The "Secret Account" Scheme: When Someone Says Your Mortgage Isn't Real

“your debt is already paid — for a fee, we'll prove it”

Someone — at a seminar, on YouTube, through your church, in a Telegram group — tells you something wild: your mortgage debt doesn't really exist. The bank never lent you real money. And there's a legal "process" that can wipe it out.

If you're months behind and the sale date is coming, that message lands like a lifeline. The people who sell it know that. They are very good at sounding right.

Let's be clear about one thing first: falling for this doesn't make you a fool. These theories are dressed in legal language. They're sold by confident promoters. They're aimed at people under huge stress. But every court that has ever looked at them has rejected them. Every single one.

The Hook

The theories come in flavors, but the pitch is always "your debt is already paid — for a fee, we'll prove it":

  • "Vapor money": the bank never lent real money, just made it from your signature, so the debt can't be enforced.

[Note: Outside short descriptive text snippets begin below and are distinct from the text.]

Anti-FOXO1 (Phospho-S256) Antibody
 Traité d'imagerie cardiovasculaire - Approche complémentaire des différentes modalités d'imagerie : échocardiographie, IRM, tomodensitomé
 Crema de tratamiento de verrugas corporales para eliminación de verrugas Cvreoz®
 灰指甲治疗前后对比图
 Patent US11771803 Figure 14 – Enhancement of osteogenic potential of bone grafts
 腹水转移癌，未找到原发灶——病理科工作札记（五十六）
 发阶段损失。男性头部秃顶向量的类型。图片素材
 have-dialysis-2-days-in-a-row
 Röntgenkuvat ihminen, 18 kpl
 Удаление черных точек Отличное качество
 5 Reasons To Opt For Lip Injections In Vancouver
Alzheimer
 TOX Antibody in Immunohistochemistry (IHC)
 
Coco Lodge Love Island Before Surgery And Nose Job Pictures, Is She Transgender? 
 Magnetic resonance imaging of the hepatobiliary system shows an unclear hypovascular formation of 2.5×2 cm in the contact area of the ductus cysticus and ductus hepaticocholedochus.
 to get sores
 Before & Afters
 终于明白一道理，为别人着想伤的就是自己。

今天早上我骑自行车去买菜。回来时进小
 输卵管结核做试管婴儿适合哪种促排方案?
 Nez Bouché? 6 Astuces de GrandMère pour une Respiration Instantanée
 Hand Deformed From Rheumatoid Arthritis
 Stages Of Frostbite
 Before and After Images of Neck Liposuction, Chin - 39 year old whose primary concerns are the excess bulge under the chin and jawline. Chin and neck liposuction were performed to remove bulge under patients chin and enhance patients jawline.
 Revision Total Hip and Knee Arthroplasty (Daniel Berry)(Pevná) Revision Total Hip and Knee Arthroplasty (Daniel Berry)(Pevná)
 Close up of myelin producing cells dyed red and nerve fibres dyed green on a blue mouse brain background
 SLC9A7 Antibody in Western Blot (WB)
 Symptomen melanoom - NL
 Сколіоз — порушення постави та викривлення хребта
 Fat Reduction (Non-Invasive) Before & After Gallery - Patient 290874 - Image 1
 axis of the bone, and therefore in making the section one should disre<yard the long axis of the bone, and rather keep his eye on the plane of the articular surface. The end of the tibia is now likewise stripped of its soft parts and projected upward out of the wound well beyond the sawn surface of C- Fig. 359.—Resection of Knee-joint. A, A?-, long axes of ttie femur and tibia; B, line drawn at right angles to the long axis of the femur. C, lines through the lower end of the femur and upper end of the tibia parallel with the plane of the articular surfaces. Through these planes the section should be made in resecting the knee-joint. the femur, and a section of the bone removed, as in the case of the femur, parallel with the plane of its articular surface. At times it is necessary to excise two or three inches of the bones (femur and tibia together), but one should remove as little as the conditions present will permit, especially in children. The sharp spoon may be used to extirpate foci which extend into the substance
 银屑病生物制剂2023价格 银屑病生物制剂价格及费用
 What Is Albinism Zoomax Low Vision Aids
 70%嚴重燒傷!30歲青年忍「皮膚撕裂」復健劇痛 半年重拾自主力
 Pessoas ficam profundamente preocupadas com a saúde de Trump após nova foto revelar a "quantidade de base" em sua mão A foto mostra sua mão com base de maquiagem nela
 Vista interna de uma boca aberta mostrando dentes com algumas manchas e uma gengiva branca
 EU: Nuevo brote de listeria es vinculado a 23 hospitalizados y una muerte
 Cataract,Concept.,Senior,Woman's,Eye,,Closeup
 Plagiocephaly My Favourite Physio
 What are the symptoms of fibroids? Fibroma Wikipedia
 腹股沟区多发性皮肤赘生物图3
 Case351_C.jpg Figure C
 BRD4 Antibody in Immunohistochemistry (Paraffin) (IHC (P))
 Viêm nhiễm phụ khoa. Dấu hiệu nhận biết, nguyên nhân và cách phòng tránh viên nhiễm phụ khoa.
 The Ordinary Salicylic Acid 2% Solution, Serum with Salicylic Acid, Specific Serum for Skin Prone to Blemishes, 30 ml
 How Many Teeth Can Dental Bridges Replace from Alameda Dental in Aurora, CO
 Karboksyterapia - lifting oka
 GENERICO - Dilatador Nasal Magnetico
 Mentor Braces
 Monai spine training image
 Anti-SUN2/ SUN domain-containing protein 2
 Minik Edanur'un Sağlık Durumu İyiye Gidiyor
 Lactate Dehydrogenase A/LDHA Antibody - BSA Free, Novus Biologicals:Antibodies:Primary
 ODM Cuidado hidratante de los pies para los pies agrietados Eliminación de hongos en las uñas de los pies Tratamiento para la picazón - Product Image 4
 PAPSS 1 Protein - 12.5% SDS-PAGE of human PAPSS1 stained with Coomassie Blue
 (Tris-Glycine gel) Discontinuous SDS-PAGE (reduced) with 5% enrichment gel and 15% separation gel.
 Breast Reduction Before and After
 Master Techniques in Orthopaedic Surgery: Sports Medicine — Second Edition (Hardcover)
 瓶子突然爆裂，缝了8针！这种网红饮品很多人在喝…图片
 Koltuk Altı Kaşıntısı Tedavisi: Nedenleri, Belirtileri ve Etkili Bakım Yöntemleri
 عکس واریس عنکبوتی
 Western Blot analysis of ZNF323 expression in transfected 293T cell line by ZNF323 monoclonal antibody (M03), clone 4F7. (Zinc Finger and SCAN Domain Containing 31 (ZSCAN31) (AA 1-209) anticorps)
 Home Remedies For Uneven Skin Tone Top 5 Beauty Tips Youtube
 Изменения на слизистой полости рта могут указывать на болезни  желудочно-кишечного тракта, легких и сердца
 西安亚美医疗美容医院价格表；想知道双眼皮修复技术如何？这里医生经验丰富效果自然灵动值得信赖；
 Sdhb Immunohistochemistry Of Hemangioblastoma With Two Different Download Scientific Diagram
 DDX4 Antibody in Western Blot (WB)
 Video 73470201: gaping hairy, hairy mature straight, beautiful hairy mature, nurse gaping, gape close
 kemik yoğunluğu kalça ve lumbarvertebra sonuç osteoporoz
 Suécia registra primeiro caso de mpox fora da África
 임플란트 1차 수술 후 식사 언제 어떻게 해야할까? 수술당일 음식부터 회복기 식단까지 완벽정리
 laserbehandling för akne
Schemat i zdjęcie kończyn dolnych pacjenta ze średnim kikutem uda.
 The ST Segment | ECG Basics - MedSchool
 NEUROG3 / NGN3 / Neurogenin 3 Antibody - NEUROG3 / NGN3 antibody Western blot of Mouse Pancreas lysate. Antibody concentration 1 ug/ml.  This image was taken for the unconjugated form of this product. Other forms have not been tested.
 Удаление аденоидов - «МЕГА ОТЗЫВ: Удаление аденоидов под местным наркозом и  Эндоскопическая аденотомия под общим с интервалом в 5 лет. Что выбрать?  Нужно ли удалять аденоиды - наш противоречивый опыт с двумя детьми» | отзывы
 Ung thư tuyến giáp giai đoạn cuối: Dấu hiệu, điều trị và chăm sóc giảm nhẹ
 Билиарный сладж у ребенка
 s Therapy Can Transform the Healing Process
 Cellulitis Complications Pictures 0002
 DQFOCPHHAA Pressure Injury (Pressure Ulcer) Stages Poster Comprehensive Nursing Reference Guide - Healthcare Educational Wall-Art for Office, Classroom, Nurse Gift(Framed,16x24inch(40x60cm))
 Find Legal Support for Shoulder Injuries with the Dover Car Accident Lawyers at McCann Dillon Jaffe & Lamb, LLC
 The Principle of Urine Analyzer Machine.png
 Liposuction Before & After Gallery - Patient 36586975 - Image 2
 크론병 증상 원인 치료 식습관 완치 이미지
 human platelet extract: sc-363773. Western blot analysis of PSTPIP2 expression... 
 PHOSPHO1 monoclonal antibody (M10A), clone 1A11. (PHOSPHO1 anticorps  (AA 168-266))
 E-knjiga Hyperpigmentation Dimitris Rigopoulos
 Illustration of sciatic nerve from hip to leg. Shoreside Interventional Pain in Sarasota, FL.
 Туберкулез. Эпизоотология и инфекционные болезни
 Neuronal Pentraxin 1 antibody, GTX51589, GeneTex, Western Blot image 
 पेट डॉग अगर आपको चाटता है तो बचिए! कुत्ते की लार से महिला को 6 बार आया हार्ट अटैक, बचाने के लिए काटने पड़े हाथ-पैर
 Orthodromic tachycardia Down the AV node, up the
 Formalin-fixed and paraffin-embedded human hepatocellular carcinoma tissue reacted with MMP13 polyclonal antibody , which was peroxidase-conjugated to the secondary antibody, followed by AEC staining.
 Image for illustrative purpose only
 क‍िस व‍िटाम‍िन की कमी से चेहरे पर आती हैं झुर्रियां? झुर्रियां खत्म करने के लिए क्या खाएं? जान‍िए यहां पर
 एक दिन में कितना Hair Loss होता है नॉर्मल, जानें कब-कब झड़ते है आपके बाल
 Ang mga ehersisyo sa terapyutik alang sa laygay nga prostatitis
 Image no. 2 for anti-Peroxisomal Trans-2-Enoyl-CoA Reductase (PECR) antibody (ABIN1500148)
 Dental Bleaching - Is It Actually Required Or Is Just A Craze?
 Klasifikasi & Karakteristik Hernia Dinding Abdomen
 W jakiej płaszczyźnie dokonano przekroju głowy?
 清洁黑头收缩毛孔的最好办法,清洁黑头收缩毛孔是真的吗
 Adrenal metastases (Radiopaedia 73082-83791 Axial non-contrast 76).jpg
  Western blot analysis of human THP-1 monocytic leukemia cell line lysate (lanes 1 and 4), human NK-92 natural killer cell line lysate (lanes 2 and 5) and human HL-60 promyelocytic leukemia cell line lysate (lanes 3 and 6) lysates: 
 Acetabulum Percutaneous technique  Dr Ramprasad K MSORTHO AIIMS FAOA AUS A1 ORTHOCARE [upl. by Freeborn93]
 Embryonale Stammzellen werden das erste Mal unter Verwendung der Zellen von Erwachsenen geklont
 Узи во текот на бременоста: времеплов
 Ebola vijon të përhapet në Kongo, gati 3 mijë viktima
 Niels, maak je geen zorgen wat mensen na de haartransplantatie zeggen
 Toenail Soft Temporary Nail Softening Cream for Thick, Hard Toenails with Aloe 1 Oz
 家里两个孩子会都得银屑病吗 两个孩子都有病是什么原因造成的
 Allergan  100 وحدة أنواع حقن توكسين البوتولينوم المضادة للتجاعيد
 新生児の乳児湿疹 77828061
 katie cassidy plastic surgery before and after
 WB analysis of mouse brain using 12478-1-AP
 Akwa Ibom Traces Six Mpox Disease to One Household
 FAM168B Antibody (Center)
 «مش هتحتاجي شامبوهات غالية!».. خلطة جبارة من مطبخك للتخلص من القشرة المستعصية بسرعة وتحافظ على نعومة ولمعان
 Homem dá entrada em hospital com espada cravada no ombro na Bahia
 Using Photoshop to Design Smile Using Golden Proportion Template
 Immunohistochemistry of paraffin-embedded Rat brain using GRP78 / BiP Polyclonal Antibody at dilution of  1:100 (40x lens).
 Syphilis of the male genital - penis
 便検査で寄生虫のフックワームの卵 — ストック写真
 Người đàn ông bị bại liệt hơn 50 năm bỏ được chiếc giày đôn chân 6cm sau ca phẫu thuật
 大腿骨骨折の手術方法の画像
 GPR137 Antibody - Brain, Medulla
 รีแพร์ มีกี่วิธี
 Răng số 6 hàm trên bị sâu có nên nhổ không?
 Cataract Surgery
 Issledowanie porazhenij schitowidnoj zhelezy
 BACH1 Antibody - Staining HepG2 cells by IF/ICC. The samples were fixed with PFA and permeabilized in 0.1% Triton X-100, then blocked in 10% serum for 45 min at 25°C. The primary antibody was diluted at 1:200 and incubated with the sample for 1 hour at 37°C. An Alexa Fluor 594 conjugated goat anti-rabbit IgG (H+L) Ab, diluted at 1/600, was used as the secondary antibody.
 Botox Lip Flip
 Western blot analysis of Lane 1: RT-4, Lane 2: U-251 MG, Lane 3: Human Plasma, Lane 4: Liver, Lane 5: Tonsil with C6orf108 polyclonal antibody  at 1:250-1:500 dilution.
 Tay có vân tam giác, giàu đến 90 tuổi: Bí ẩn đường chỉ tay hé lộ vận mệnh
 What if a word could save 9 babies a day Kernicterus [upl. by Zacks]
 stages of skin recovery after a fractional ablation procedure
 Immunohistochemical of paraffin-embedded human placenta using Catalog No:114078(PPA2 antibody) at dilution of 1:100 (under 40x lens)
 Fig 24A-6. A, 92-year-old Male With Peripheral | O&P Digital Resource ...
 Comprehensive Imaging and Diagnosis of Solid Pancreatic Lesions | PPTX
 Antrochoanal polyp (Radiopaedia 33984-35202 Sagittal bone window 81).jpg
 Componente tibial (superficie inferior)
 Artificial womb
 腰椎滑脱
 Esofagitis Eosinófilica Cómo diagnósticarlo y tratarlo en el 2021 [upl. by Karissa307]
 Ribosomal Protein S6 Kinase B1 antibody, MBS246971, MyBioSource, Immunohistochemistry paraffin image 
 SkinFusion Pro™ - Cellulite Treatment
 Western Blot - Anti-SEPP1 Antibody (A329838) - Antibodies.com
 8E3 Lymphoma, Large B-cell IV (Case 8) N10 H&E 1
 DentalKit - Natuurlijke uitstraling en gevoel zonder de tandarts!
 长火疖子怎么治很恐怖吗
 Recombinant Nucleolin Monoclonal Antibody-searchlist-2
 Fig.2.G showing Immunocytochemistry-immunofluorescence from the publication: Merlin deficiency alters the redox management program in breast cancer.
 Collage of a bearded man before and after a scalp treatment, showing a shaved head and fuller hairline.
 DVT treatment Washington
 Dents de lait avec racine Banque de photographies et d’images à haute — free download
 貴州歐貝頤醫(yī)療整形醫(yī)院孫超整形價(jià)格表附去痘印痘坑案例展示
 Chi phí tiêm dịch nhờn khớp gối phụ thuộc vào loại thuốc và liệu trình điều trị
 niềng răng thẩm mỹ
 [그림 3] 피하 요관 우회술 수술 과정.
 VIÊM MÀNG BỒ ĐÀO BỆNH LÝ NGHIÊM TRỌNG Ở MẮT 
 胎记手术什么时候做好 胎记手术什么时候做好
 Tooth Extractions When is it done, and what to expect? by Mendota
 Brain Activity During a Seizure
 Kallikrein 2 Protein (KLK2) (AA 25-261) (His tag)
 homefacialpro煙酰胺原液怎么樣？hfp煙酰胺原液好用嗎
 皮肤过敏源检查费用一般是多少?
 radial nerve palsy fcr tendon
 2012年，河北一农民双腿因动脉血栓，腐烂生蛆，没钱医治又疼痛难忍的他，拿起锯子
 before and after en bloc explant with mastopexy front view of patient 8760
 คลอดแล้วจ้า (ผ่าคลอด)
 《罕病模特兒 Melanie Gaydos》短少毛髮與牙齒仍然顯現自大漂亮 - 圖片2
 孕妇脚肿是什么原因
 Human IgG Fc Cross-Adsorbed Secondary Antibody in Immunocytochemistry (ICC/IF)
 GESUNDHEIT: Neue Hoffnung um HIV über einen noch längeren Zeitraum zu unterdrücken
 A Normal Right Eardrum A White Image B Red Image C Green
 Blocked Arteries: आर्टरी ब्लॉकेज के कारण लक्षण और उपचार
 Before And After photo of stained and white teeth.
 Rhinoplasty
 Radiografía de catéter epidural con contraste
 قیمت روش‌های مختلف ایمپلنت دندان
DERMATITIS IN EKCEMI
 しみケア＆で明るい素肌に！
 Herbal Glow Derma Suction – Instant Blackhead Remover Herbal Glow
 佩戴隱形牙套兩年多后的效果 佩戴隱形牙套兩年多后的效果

A federal judge in Minnesota wrote in 2024 that this theory "has been consistently rejected by federal courts in this District and across the country as frivolous and nonsensical."
  • The "secret account": the U.S. Treasury supposedly keeps a hidden account tied to your birth certificate, worth a fortune, which you can tap to wipe out your mortgage. The FBI's summary: promoters "perpetuated the false premise that the U.S. Treasury maintains secret accounts attributed to every U.S. citizen." There is no such account.
  • Magic paperwork: "Accepted for Value" (A4V) stamps on bills, UCC filings, checks written on closed accounts marked "EFT only for discharge of debt," land patents, fake discharge papers recorded at the county.

How It Works

Step one: the promoter finds a crowd of stressed homeowners — seminars, social media "private banking" gurus, and faith groups. One South Carolina operator, per the DOJ, "especially pursued those going through foreclosure on their homes and contacted many of them through churches and other faith-based organizations."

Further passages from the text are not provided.